## DESCRIPTION OF THE TASK
Without the pictures, retype each line below exactly as it stands.

## DATASET CONTENT
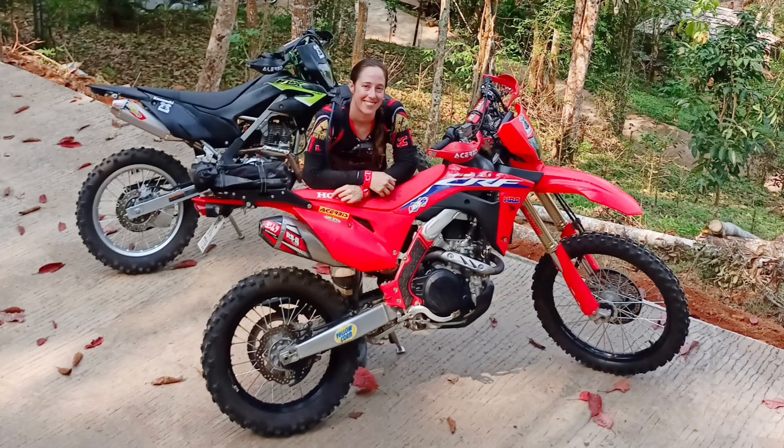So I thought I would tell you about the CRF450RL and how I feel about it on the single track. Before I left Chiang Mai we went riding in the mountains as we do and I took the CRF450RL out for a little spin. She's running the Vortex ECU with the Yoshimura RS4 exhaust. Tyres are Michelin enduro mediums and she's got a few thousand kilometers on her, mostly off-road. This is the 2021 model.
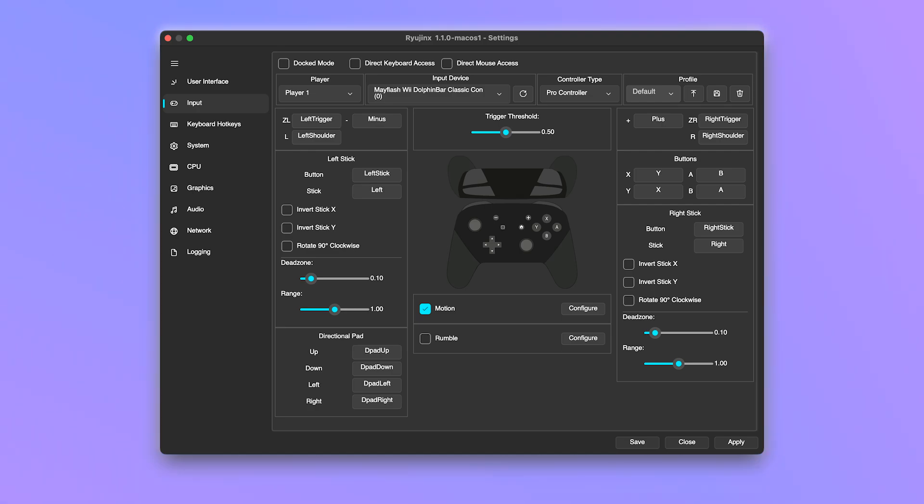Then under Input device, select Steam Virtual Gamepad or your controller device. After selecting your device, choose the controller type that matches your game, for example Pro Controller or Joy-Con Pair. Then click Load to load a profile, save, and exit.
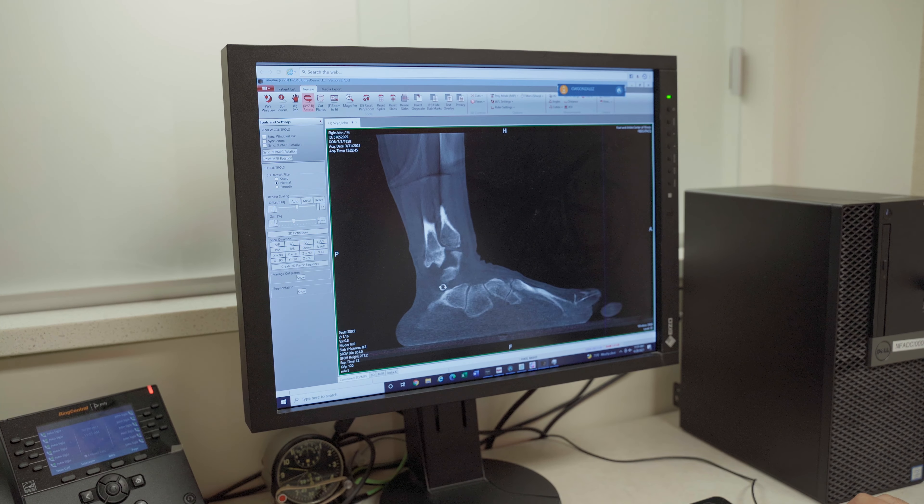Most often we're able to make the patient a custom orthotic or a custom brace that allows them to return to their normal lifestyle without the pain.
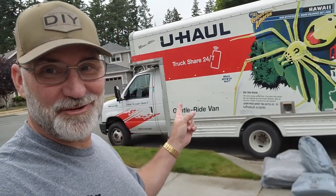Several days later - okay, it's moving day! The wheel is going, and it's going in that U-Haul truck. This is a 15-footer and the wheel is eight feet in diameter, so fortunately it comes apart. I've got to figure out a way to get all five pieces in there. Let's get started.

## SOLUTION TO THIS PROBLEM
So I thought I would tell you about the CRF450RL and how I feel about it on the single track. Before I left Chiang Mai we went riding in the mountains as we do and I took the CRF450RL out for a little spin. She's running the Vortex ECU with the Yoshimura RS4 exhaust. Tyres are Michelin enduro mediums and she's got a few thousand kilometers on her, mostly off-road. This is the 2021 model.
Then under Input device, select Steam Virtual Gamepad or your controller device. After selecting your device, choose the controller type that matches your game, for example Pro Controller or Joy-Con Pair. Then click Load to load a profile, save, and exit.
Most often we're able to make the patient a custom orthotic or a custom brace that allows them to return to their normal lifestyle without the pain.
Several days later - okay, it's moving day! The wheel is going, and it's going in that U-Haul truck. This is a 15-footer and the wheel is eight feet in diameter, so fortunately it comes apart. I've got to figure out a way to get all five pieces in there. Let's get started.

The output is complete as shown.